■ Exercise instructions: For each line below that holds the word "фото", make a copy.

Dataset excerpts
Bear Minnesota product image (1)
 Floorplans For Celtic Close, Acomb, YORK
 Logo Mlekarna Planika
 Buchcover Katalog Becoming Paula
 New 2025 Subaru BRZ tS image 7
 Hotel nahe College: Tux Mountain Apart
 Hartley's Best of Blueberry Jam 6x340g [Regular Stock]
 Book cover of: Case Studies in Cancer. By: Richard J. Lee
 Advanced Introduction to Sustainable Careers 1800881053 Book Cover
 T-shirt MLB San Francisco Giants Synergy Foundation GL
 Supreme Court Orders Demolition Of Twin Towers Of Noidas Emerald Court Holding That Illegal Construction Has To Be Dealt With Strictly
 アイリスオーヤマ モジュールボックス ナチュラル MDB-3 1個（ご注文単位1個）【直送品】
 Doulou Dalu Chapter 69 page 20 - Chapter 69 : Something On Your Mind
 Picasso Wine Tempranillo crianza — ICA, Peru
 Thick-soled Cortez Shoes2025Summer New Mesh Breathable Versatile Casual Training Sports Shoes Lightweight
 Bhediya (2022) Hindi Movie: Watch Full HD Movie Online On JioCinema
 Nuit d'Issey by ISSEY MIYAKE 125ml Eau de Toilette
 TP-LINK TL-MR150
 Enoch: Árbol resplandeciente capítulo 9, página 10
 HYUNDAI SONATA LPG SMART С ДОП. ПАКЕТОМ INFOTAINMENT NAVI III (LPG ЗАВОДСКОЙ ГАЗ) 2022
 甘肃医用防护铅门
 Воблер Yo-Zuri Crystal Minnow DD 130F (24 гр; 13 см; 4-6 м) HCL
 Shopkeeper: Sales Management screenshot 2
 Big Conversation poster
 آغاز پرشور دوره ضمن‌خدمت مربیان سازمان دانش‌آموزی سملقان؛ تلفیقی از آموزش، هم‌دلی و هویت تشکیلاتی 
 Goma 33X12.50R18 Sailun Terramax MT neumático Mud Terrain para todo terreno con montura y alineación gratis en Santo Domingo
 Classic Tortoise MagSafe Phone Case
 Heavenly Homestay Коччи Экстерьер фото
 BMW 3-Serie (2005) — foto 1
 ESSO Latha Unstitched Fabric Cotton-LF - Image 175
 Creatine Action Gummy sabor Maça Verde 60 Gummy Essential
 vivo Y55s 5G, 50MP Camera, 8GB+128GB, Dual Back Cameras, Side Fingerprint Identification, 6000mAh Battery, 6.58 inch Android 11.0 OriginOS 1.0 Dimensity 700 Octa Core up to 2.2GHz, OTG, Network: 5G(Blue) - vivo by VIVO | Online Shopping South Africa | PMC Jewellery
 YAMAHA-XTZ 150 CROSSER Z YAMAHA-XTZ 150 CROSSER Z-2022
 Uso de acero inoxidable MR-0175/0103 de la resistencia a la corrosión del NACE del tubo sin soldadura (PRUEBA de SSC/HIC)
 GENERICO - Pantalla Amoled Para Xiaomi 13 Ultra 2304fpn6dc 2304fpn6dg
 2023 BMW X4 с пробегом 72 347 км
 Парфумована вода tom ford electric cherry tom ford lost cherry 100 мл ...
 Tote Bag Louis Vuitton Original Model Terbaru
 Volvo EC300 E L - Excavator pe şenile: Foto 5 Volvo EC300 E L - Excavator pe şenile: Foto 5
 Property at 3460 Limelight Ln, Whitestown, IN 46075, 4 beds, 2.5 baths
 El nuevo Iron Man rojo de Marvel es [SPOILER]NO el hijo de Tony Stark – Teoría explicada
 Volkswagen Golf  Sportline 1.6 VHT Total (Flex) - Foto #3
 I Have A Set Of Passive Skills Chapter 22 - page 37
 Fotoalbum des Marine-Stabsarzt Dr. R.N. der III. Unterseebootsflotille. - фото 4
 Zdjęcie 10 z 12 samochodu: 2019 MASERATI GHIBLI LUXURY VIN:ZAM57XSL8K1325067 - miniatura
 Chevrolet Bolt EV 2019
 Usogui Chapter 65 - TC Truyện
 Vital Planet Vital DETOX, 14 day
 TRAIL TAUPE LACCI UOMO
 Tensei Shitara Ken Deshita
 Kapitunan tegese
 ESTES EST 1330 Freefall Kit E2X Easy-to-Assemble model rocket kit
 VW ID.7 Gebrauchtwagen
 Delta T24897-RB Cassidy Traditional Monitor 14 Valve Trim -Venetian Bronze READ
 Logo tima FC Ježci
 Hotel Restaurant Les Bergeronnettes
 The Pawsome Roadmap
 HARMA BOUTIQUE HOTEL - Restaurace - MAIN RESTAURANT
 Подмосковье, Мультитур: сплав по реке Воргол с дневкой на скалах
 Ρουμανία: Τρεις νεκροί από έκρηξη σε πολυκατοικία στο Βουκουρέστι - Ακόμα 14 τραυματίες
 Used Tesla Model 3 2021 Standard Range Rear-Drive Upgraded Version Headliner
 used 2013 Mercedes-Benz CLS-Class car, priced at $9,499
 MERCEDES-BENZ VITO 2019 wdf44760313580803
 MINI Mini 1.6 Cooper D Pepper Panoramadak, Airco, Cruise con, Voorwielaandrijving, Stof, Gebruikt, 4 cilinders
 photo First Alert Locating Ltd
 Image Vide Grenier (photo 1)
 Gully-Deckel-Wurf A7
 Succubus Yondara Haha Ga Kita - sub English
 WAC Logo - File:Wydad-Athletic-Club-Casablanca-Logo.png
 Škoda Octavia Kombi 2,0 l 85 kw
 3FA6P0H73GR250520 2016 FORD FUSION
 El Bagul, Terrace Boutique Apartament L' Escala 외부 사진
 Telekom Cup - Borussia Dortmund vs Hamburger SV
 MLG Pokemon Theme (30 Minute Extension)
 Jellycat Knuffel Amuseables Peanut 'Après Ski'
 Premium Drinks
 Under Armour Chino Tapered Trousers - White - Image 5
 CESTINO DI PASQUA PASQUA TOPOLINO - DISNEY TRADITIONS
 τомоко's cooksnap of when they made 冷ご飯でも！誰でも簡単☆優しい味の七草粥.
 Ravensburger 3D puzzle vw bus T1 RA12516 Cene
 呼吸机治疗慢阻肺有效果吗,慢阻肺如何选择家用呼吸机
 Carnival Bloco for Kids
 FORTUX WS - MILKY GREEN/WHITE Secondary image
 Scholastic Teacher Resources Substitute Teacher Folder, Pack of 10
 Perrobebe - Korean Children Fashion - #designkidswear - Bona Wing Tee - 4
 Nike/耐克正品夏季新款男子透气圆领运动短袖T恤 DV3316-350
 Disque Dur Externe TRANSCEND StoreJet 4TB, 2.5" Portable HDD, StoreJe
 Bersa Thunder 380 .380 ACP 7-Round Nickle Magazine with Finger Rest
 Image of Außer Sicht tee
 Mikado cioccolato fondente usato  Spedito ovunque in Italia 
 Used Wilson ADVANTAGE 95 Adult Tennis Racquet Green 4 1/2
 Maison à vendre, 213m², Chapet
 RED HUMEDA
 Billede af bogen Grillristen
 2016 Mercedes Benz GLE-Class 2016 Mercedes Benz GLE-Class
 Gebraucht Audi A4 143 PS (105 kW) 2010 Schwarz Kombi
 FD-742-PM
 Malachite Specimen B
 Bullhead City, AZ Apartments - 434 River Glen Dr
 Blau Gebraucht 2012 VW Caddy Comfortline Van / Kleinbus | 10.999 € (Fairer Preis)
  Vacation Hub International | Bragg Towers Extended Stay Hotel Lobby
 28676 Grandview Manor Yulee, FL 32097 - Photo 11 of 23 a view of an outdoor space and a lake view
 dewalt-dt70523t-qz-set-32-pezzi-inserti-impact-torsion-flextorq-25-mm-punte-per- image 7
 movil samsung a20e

■ Written response:
 Heavenly Homestay Коччи Экстерьер фото
 Fotoalbum des Marine-Stabsarzt Dr. R.N. der III. Unterseebootsflotille. - фото 4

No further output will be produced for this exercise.